In the records that follow, find the line containing "Tafeltennistafel set Midi" and the line containing "Natural Watermelon Fluorite", then transcribe both and every line between them exactly, omitting pictures.

Information supplied:

##############################

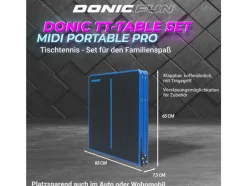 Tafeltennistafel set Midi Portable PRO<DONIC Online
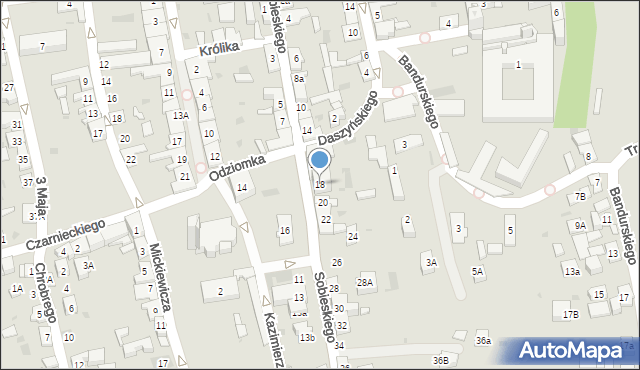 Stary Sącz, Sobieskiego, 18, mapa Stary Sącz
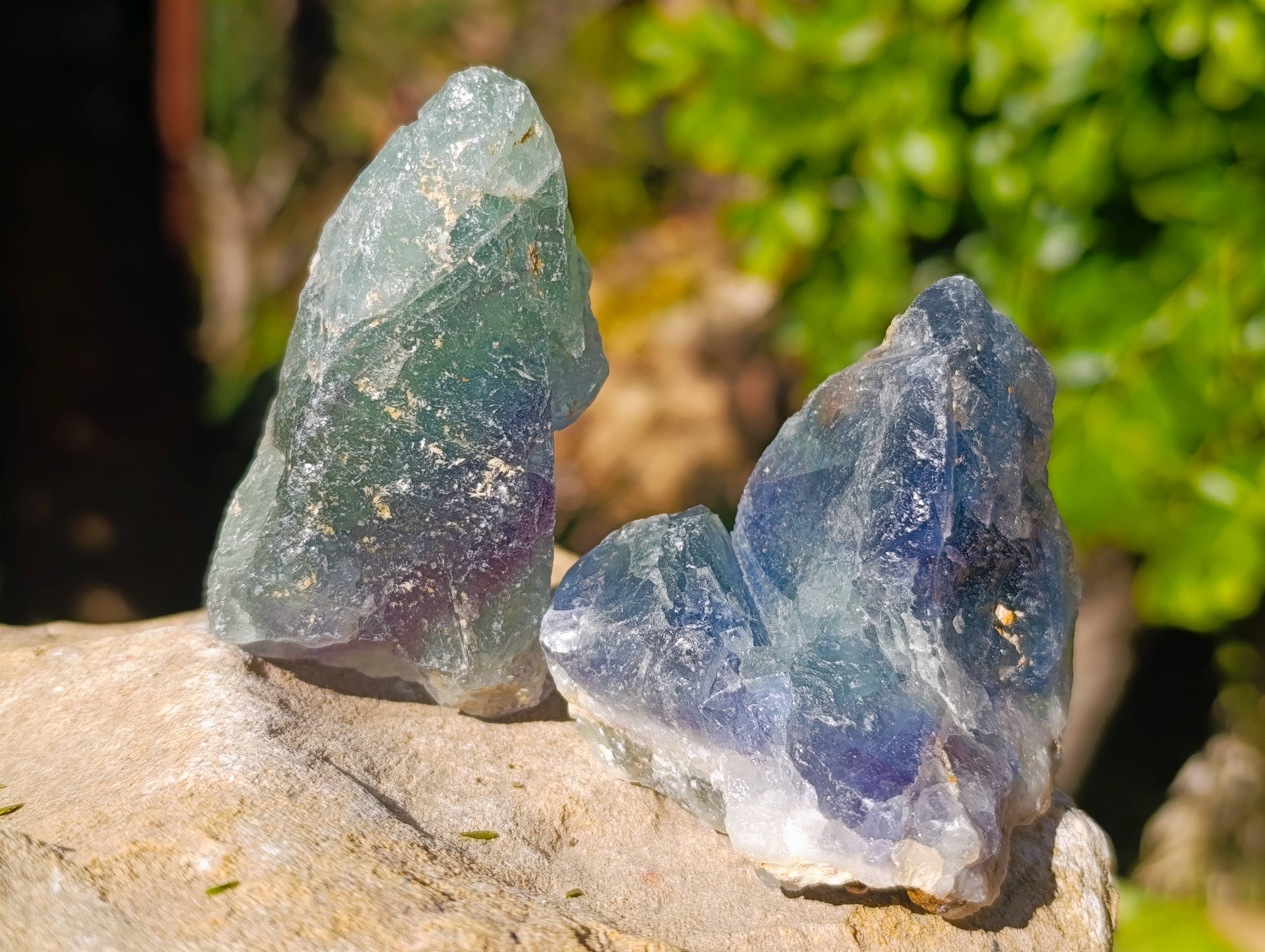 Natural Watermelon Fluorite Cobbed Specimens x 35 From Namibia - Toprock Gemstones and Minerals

##############################

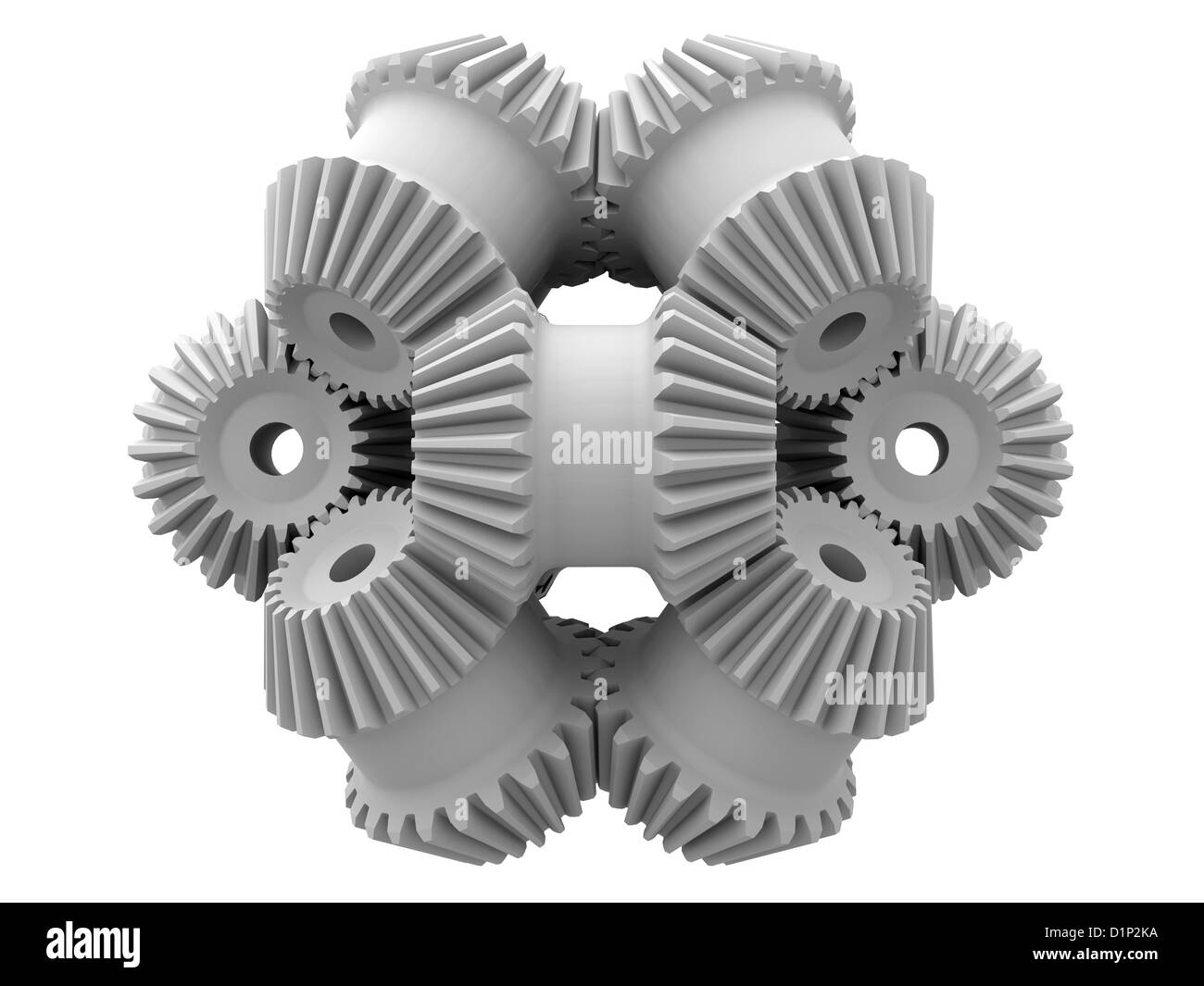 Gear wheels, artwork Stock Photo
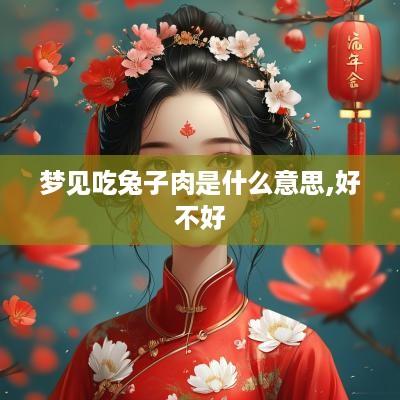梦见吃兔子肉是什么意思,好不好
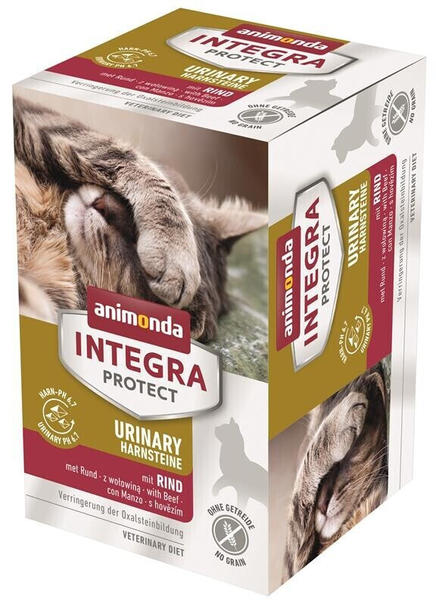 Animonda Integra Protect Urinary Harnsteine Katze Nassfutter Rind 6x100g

##############################

Solution to this problem:
 Tafeltennistafel set Midi Portable PRO<DONIC Online
 Stary Sącz, Sobieskiego, 18, mapa Stary Sącz
 Natural Watermelon Fluorite Cobbed Specimens x 35 From Namibia - Toprock Gemstones and Minerals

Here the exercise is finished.